──────── Source information ────────
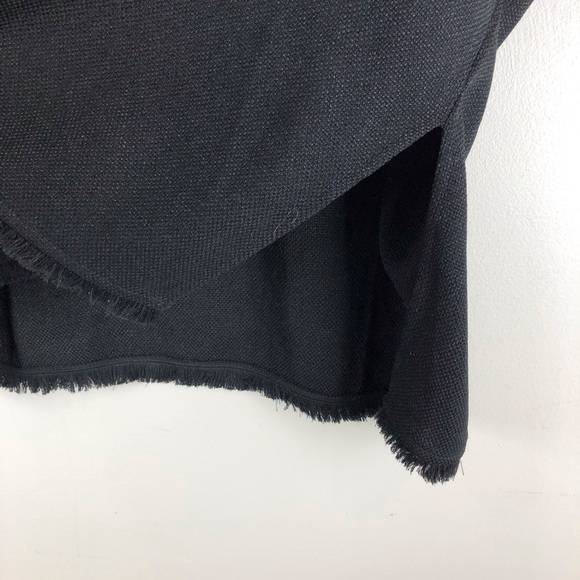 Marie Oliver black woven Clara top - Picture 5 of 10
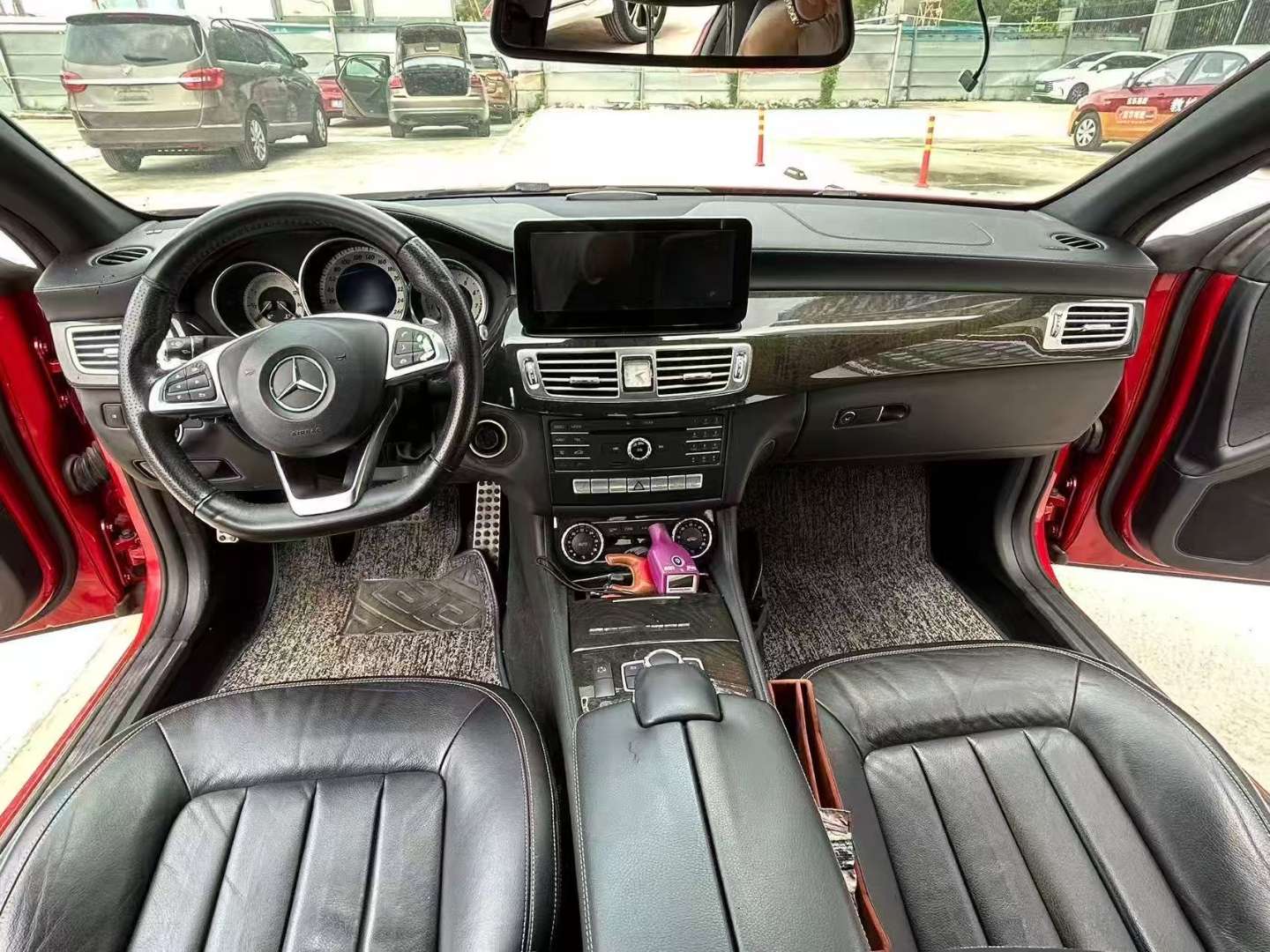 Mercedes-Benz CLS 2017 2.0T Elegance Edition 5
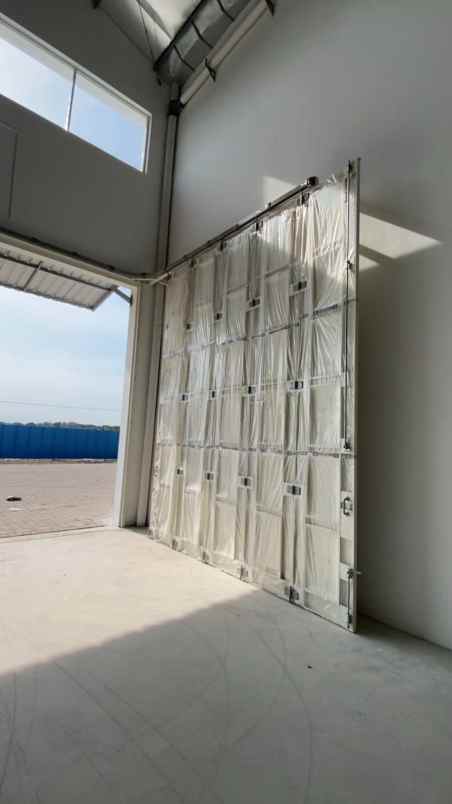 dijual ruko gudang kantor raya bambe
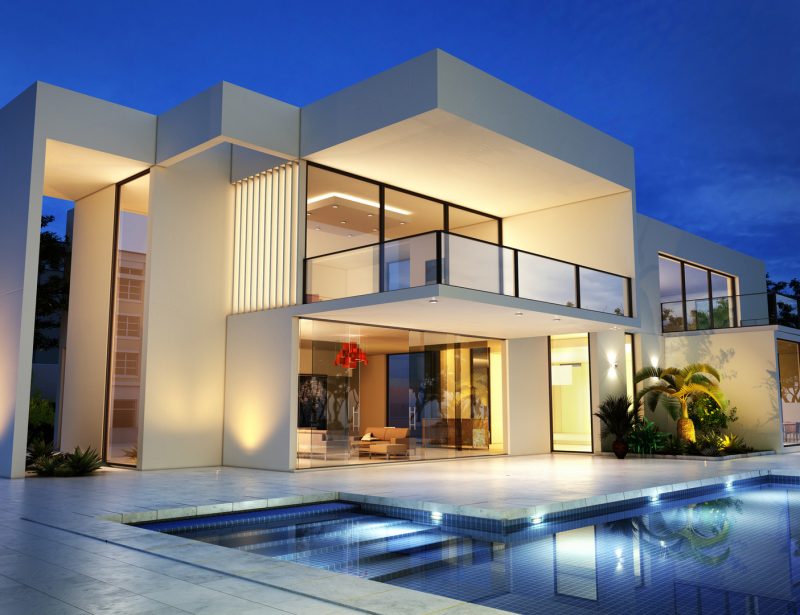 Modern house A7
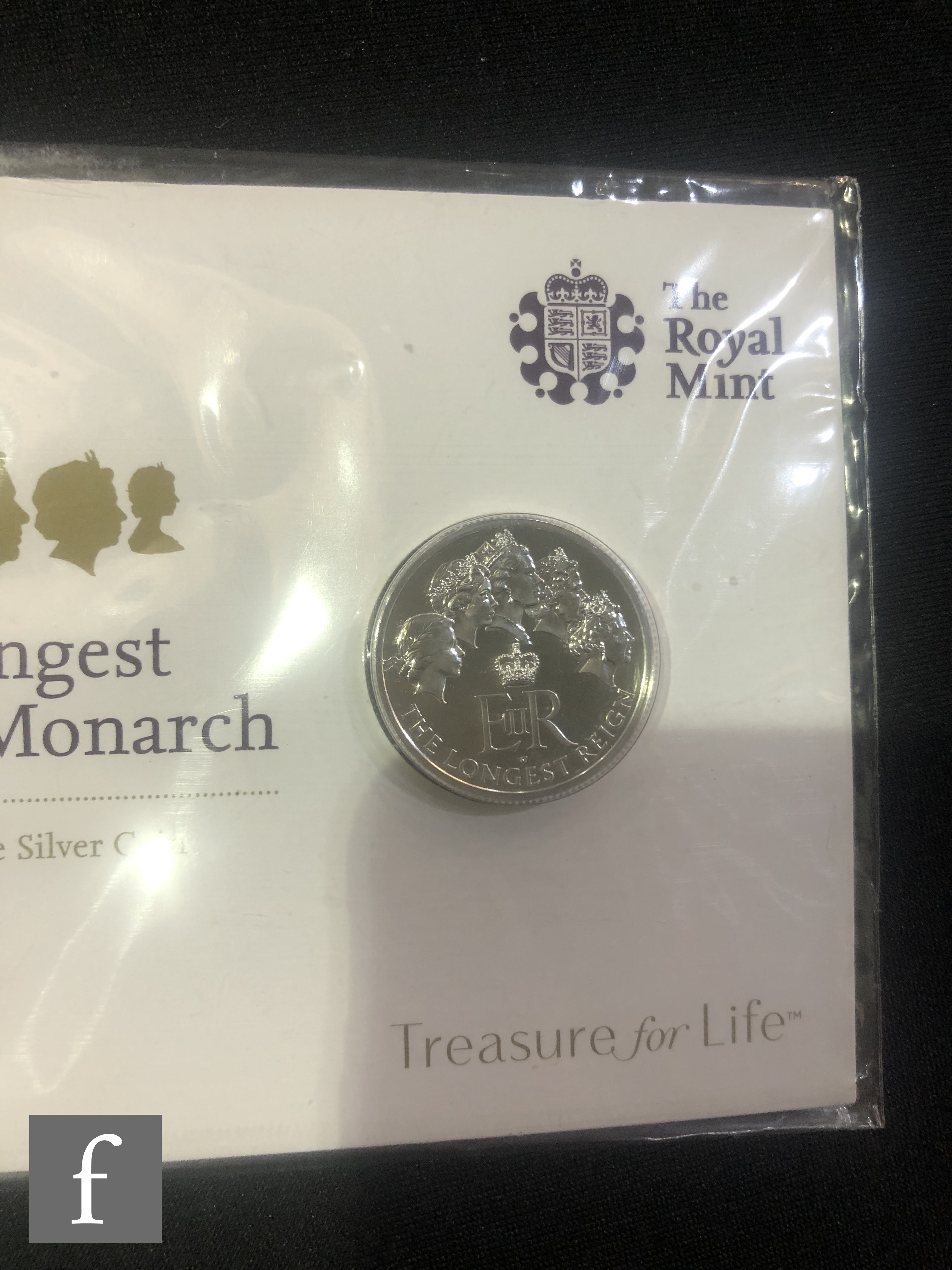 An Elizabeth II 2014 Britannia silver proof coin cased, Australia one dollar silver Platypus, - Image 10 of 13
────────
Exercise objective
Copy out the data above to the letter, and keep every picture out of it.

Solution to the exercise
 Marie Oliver black woven Clara top - Picture 5 of 10
 Mercedes-Benz CLS 2017 2.0T Elegance Edition 5
 dijual ruko gudang kantor raya bambe
 Modern house A7
 An Elizabeth II 2014 Britannia silver proof coin cased, Australia one dollar silver Platypus, - Image 10 of 13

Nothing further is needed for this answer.